Now most crashes occur due to the pilot’s stupidity and while not everything a pilot does correctly will guarantee a safe flight, the following 10 things will reduce and even remove most of the reasons why drones crash in the first place. This will save you a huge headache and a lot of money, especially if you own an expensive model…

And even though there’s 10 things I usually do, they honestly take a few minutes to be completed and considering how they reduce the risk of a crash (or fine) substantially, they are worth doing.

11) Make sure your battery has time to warm up.

If you haven’t used your drone in awhile and start it up, give it a few minutes to warm up, especially if it’s in cold weather. And like I recommend in this article, when you turn off the drone and/or take the battery out, do NOT charge it again until it cools down (give it 20 minutes at least!).

10) Ensure the IMU is calibrated before takeoff.

The IMU on a drone is one of the most important pre flight things you need to ensure is working well. It is basically the “internal computer” of the drone that measures a lot of different things such as the temperature, the speed at which it flies and a bunch of other important components that lead to a safe flight.

If you have a good model drone that does a check up of the IMU when you start it up, it’ll usually let you know if it’s necessary to do or not. Some pilots prefer to calibrate the IMU every time before a flight. I typically do it whenever the I get the notification. 

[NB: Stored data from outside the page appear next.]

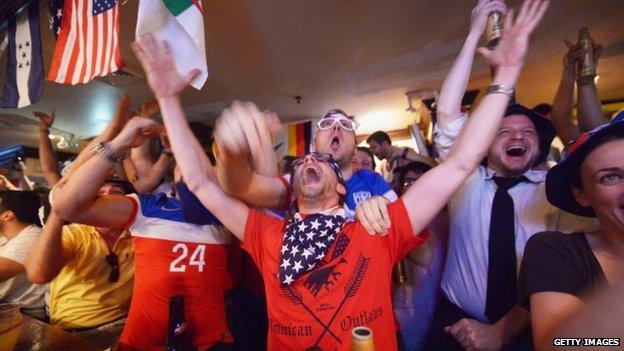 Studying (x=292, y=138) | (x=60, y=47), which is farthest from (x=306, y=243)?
(x=292, y=138)

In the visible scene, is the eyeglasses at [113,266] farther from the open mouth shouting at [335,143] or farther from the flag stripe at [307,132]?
the flag stripe at [307,132]

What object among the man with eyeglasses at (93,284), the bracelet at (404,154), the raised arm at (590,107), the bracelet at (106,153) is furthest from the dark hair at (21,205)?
the raised arm at (590,107)

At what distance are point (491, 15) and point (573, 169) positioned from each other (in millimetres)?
943

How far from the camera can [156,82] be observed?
1.41m

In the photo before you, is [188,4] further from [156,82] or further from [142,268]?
[142,268]

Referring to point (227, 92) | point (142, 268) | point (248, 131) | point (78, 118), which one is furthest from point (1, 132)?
point (248, 131)

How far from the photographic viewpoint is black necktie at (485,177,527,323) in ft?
4.71

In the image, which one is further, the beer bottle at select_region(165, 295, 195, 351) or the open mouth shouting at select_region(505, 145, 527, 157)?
the open mouth shouting at select_region(505, 145, 527, 157)

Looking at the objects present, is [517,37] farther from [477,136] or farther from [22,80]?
[22,80]

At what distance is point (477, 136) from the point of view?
1.25m

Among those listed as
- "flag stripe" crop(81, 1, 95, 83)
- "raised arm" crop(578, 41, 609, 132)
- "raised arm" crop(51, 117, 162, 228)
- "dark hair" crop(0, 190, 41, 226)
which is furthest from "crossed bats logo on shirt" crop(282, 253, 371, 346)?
"dark hair" crop(0, 190, 41, 226)

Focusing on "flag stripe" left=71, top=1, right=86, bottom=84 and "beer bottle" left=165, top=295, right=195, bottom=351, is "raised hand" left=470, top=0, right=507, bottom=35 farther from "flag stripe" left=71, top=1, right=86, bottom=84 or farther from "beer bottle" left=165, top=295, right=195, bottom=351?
"flag stripe" left=71, top=1, right=86, bottom=84

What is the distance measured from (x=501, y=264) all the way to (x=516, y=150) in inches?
26.9

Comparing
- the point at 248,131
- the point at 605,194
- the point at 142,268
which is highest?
the point at 248,131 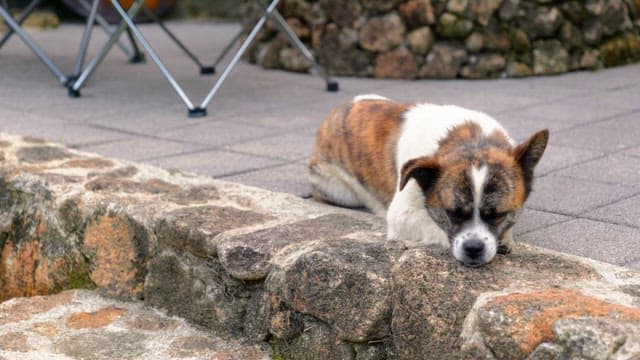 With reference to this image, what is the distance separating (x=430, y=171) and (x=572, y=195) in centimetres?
113

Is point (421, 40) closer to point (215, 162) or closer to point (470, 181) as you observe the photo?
point (215, 162)

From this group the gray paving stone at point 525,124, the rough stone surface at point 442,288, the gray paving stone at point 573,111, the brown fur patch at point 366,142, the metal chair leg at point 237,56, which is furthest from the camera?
the metal chair leg at point 237,56

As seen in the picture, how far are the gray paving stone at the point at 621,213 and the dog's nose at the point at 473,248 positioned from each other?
0.87 meters

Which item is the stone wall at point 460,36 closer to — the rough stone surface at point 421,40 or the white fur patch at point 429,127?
the rough stone surface at point 421,40

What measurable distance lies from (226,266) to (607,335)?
1491mm

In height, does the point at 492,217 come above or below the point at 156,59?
above

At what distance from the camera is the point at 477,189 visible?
3150 mm

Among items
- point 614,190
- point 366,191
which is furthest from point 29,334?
point 614,190

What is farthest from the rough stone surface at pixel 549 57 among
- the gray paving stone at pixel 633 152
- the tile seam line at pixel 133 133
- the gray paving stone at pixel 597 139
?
the tile seam line at pixel 133 133

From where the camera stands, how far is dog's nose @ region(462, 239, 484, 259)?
310 centimetres

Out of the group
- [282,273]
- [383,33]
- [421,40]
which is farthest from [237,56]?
[282,273]

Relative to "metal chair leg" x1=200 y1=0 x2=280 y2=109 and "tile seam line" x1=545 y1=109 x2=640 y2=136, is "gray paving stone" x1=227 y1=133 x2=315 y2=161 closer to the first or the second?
"metal chair leg" x1=200 y1=0 x2=280 y2=109

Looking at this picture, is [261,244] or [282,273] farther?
[261,244]

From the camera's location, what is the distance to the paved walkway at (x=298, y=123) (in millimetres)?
3965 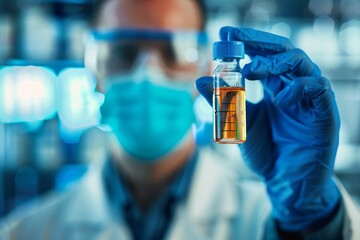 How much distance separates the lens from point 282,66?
1.01 metres

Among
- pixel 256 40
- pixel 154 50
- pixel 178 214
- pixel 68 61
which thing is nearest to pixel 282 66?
pixel 256 40

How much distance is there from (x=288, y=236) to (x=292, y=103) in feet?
1.50

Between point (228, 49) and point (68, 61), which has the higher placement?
point (68, 61)

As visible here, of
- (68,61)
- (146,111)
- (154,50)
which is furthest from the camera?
(68,61)

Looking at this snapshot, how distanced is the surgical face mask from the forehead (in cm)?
15

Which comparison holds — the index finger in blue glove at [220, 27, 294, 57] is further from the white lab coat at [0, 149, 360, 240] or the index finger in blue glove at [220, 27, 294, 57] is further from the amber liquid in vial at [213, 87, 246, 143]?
the white lab coat at [0, 149, 360, 240]

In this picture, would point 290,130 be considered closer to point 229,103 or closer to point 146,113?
point 229,103

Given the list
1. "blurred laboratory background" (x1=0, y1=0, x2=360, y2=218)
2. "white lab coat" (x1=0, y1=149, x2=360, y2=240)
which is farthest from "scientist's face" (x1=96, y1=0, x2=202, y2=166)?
"blurred laboratory background" (x1=0, y1=0, x2=360, y2=218)

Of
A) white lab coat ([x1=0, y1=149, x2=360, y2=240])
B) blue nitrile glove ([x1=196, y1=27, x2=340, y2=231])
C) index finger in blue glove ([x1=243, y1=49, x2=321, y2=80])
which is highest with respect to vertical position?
index finger in blue glove ([x1=243, y1=49, x2=321, y2=80])

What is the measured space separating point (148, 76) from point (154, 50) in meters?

The point here is to NEVER ignore that notification if it pops up. If it does pop up, calibrate it, as it only takes a few seconds.

9) Ensure your compass is also calibrated.

The compass on the drone will usually pick up if there’s any metal in the area you’re seeking to take off from, which is why I NEVER suggest taking off near places which have a lot of metal such as bridges. These kinds of things typically mess with the compass of a drone and require that it be calibrated in order for it to fly accurately, lest you’re OK with flying in atti mode and risking a crash happening if you’re inexperienced…

Again, just like with the IMU: Ensure the compass is calibrated beforehand. My Mavic 2 Pro always gives me a compass calibration message when I try to fly in new areas and I always make sure it’s done.

Note: Don’t take off from a car, because that typically triggers compass calibration errors.

8) Ensure that you give your drone ample time to load up and show you that it’s OK to take off.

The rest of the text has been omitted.